Print exactly what appears from the line containing "Regeneracja zawieszen motocyklowych" through the final line of the data below, pictures excluded.

Scraped caption text data:
--- START ---

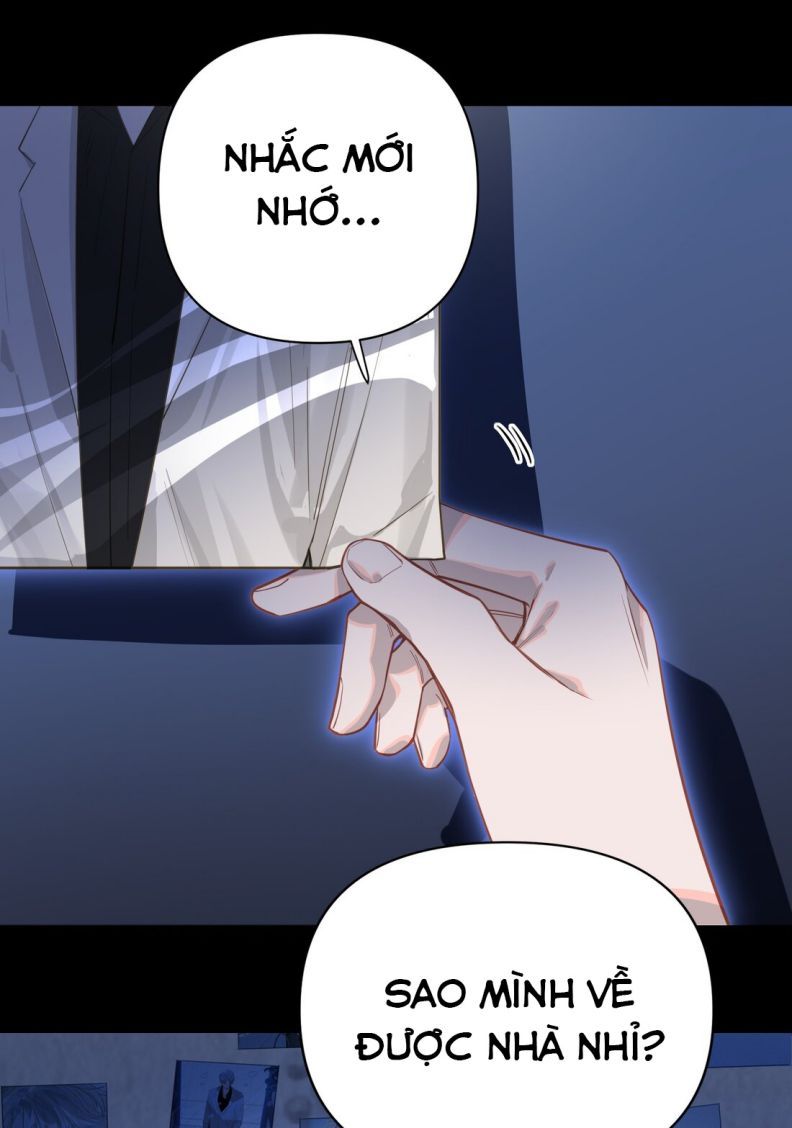 tôi bị điên đó chapter 11 32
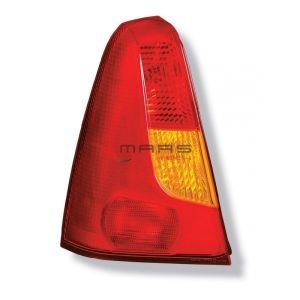 Dacia Logon Duylu Sol Arka Stop Lambası 2002-2005 -6001546794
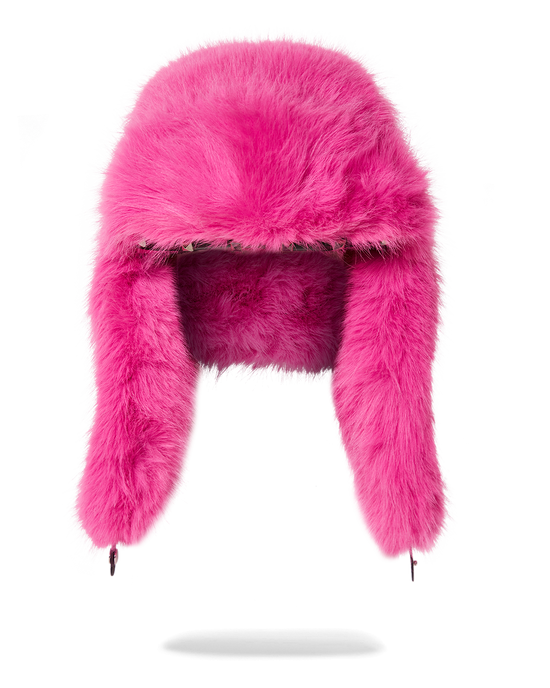 sprayground A.I. 12 CELESTIAL POWERS AERIAL HAT - SANDFLOWER COLLAB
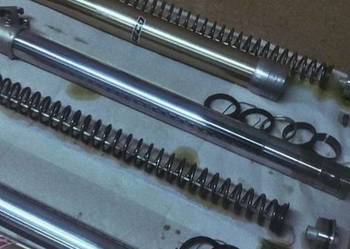 Regeneracja zawieszen motocyklowych (enduro/cross,quad)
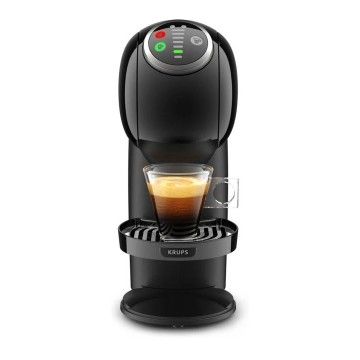 KRUPS DOLCE GUSTO GENIO S PLUS PRETA KRUPS DOLCE GUSTO GENIO S PLUS PRETA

--- END ---

◆ Response to the task ◆
 Regeneracja zawieszen motocyklowych (enduro/cross,quad)
 KRUPS DOLCE GUSTO GENIO S PLUS PRETA KRUPS DOLCE GUSTO GENIO S PLUS PRETA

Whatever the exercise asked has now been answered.